2.3. Growth Of Military Influence

2.3.1. In May 1932, Parliamentary rule in Japan ended effectively and Martial Law was declared.

2.3.2. The military gained effective control of the government. Politicians and the emperor granted concessions to the military in the hope of preventing further political violence.

3. Japan's ambition to establish itself in Asia and Europe

3.1. Conflict with Russia

3.1.1. Rise of Japan was an immediate threat to Russian interests

3.1.2. Sea travel was the most viable route so the Russian Empire developed a sphere of influence in Manchuria and North Eastern China and secured a permanent ice port

3.1.3. Furthermore, Russia attempted to establish a permanent military and naval base in Manchuria-> seen as a security threat to Japan and its interests and influence in Korea

3.1.4. Hence, Japan wanted to initiate a diplomatic agreement whereby Japan offered to accept Russian influence in Manchuria only if Russia accept Japanese influence in Korea

3.1.5. Russia was not interested in reaching a compromise-> regarded Japan as a weaker power as they were from the East

3.1.6. The Japanese government hence declared a war on Russia-> Japan defeated Russia

3.1.7. Treaty of Portsmouth signed after the war->Japan gained control of Liaodong Peninsula, South Manchurian Railway and southern half of Sakharin Island

3.2. Alliance with Britain

3.2.1. Britain was more receptive to the rise of Japan

3.2.2. Signed an alliance with Japan-> Anglo-Japanese alliance

3.2.3. Basis of alliance-> mutual recognition of British and Japan interests in Asia

3.2.4. Hence, Britain recognised Japan's right to defend Korea and Japan recognised Britain's right to defend India

3.2.5. Both countries agreed that China was a place of 'common interest'

3.3. Conflicts with China

3.3.1. First Sino-Japanese war

3.3.2. Japan defeated China and gained control of the Korean Peninsula

3.3.3. Treaty of Shimonoseki-> China was forced to give up control of Korea and Taiwan to Japan

3.3.4. Japan administered Taiwan as its first overseas colony-> embarked on a colonisation process: construction of schools, railways and other modern infrastructure

3.3.5. The Japanese government tried to rule Korea indirectly-> Korean queen tried to expel the Japanese with the help of Russia-> She was assassinated-> annexed Korea and ruled it directly: education in Japanese, forced labour and military services for Koreans, settlement of Japanese migrants and confisctaion of land for Japanese farmers

3.3.6. Twenty-One demands

3.3.7. Japan wanted to expand further into China so it delivered the Twenty-One Demands as an ultimatum to China.

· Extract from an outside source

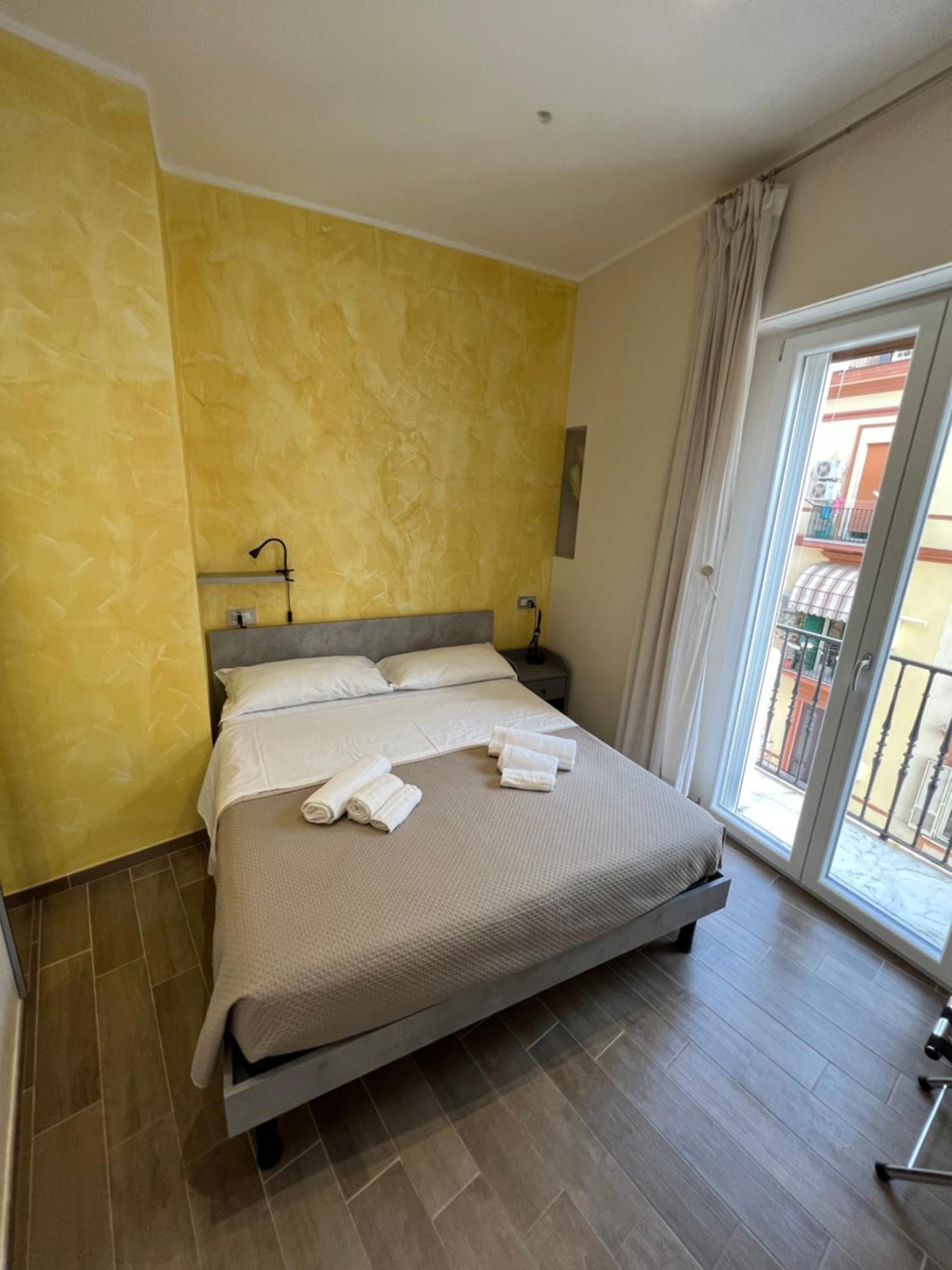 Metropolis Home Naples Extérieur photo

3.4. Worsening relations with USA

3.4.1. American racism against the Japanese

3.4.2. Racial segregation and discrimination was common in American society-> contributed to tense relations between Japan and USA

3.4.3. So, laws were passed to protect American economic interests and exclude the Chinese, Japanese and Korean immigrants(prevent them from competing for jobs)

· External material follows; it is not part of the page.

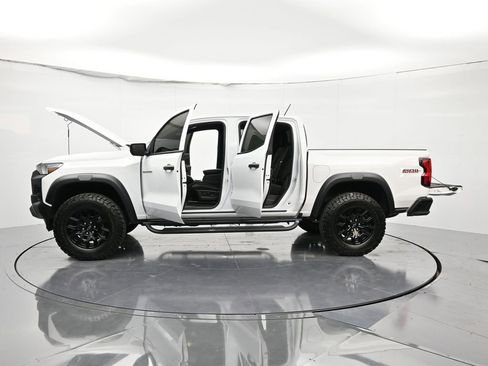 Certified 2024 Chevrolet Colorado Trail Boss w/ Advanced Trailering Package image 47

3.4.4. Japan hence was greatly offended by this racial discrimination

3.4.5. Paris Peace Conference

3.4.6. ' eradication of racial discrimination'

3.4.7. The proposed clause called for the equality of all foreign immigrants to countries in the league

3.4.8. failed to gain the approval of Britain and Australia-> proposal rejected-> caused unhappiness amongst the Japanese

3.4.9. Washington Naval Conference

3.4.10. organised by the USA

3.4.11. called for the reduction in the naval forces of the major powers

3.4.12. However, Japan has to reduce their naval strength more than USA and Britain-> felt that the agreement was unfair and biased against them

4. Japan's Response To World Developments In the 1930s

4.1. The Japanese deiced to destroy the American Pacific Fleet i n order to implement its plans to establish the Greater East Asia Co-Prosperity Sphere in Southeast Asia. The American sncations anf trade embargo also forced Japan to turn to Southeast Asia for resources and raw materials to support their economy and military. The Japanese believed that a preventive strike on Pearl Habour was necessary to achieve the successful takeover of Southeast Asia which in turn was a fairly easy task as the European countries were preoccupied with World War 2 in Europe

4.2. American Foreign Policy Changes( Changes In The American Foreign Policy also helped encourage the Japanese to attack the Pearl Habour. The USA had initially adopted an expanionist policy in the 1930s which meant that they could not gt involved in foriegn conflicts. However USA president, Roosevelt, changed the foreign policy as he saw the need for agressor nations to be " quarantined". As result, the 1911 commericial Treaty with Japan thus placing restrictions on Japanese trade with the US. Roosvelt went even further in 1940 when he imposed a trade ambargo on Japan when she inavded Vietnam. This embargo formally bannned tghe export of steel, scrap and fuel to Japan. These took a great toll on Japan's economy and indirectly made US one of her enemies.)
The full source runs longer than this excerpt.